SUPCOM RTS

Dev Journal Entry

Project Foundation and Core Loop

Stable

Project Setup

Foundational architecture decisions

The project started with a clear multi-module layout to keep gameplay, rendering, and shared logic maintainable. Early structure choices were made to support long-term iteration speed.

The goal was to avoid tight coupling that would slow feature delivery later.

  • Core split established for shared, client, and server modules.
  • Initial conventions set for cross-module contracts.
  • Baseline tooling configured for iterative development.

First playable loop

A minimal end-to-end playable loop was delivered early so architecture could be validated against real interaction, not only static design. This created immediate feedback for priorities.

Shipping a loop first provided a practical anchor for all later systems.

  • Initial session flow from startup to live interaction established.
  • Core gameplay path validated in runnable state.
  • Early integration issues surfaced before major expansion.
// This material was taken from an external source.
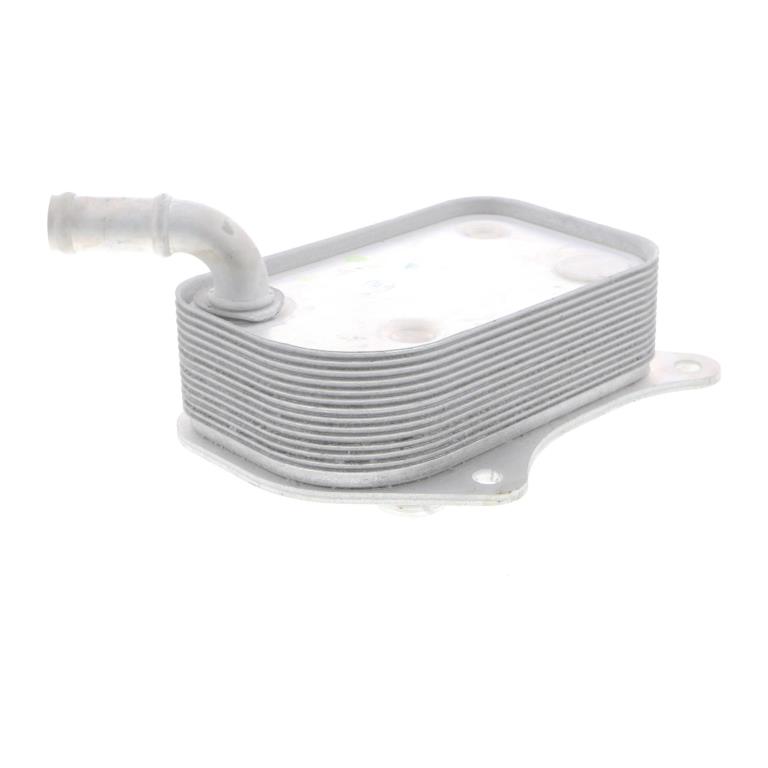 Radiateur d'huile moteur (Refroidisseur d'huile moteur) VEMO V15-60-6071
Why this foundation mattered

Most subsequent milestones in terrain, rendering, and unit systems depended on this early structure being coherent. It enabled incremental delivery without constant rewrites.

The foundation phase traded short-term polish for long-term execution speed, and that tradeoff paid off.

  • Enabled layered system growth with manageable integration cost.
  • Reduced architectural churn during rapid milestone cycles.
  • Provided stable scaffolding for performance and quality passes.